[Pacemaker] Trouble Starting Filesystem

Mon Dec 10 18:07:04 EST 2012

Folks,

I am still struggling with this problem. At the moment, I cannot get my OCSF2 filesystem to start at all. OCFS2 worked until I expanded my cluster from 2 nodes to 4 nodes.

I see this in /var/log/syslog. In particular, note the "FATAL: Module scsi_hostadapter not found." on the last line.

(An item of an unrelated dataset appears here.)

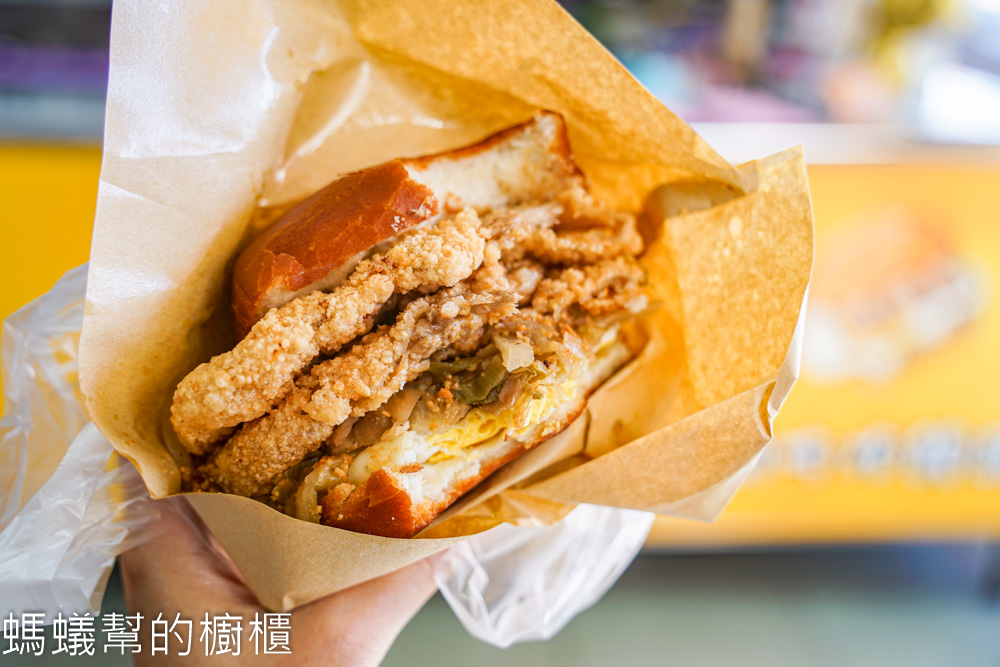 餉吃炸饅頭 | 鹿港也有好吃炸饅頭！現炸整片排骨塞入饅頭裡。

Dec 10 16:48:03 aztestc1 crmd: [2416]: info: do_lrm_rsc_op: Performing key=71:14:0:a766cb8e-4813-483e-a127-d67cf25979ea op=p_fs_share_plesk:0_start_0 )
Dec 10 16:48:03 aztestc1 lrmd: [2413]: debug: on_msg_perform_op:2396: copying parameters for rsc p_fs_share_plesk:0
Dec 10 16:48:03 aztestc1 lrmd: [2413]: debug: on_msg_perform_op: add an operation operation start[29] on p_fs_share_plesk:0 for client 2416, its parameters: CRM_meta_notify_start_resource=[p_fs_share_plesk:0 p_fs_share_plesk:1 ] CRM_meta_notify_stop_resource=[ ] fstype=[ocfs2] CRM_meta_notify_demote_resource=[ ] CRM_meta_notify_master_uname=[ ] CRM_meta_notify_promote_uname=[ ] CRM_meta_timeout=[60000] options=[rw,noatime] CRM_meta_name=[start] CRM_meta_notify_inactive_resource=[p_fs_share_plesk:0 p_fs_share_plesk:1 ] CRM_meta_notify_start_uname=[aztestc1 aztestc2 ] crm_feature_set=[3.0 to the operation list.
Dec 10 16:48:03 aztestc1 lrmd: [2413]: info: rsc:p_fs_share_plesk:0 start[29] (pid 4528)
Dec 10 16:48:03 aztestc1 crmd: [2416]: debug: get_xpath_object: No match for //cib_update_result//diff-added//crm_config in /notify/cib_update_result/diff
Dec 10 16:48:03 aztestc1 crmd: [2416]: debug: get_xpath_object: No match for //cib_update_result//diff-added//crm_config in /notify/cib_update_result/diff
Dec 10 16:48:03 aztestc1 lrmd: [2413]: debug: rsc:p_drbd_share_plesk:1 monitor[16] (pid 4530)
Dec 10 16:48:03 aztestc1 crmd: [2416]: debug: get_xpath_object: No match for //cib_update_result//diff-added//crm_config in /notify/cib_update_result/diff
Dec 10 16:48:03 aztestc1 Filesystem[4528]: INFO: Running start for /dev/drbd/by-res/shareplesk on /shareplesk
Dec 10 16:48:03 aztestc1 drbd[4530]: DEBUG: shareplesk: Calling /usr/sbin/crm_master -Q -l reboot -v 10000
Dec 10 16:48:03 aztestc1 lrmd: [2413]: info: RA output: (p_fs_share_plesk:0:start:stderr) FATAL: Module scsi_hostadapter not found.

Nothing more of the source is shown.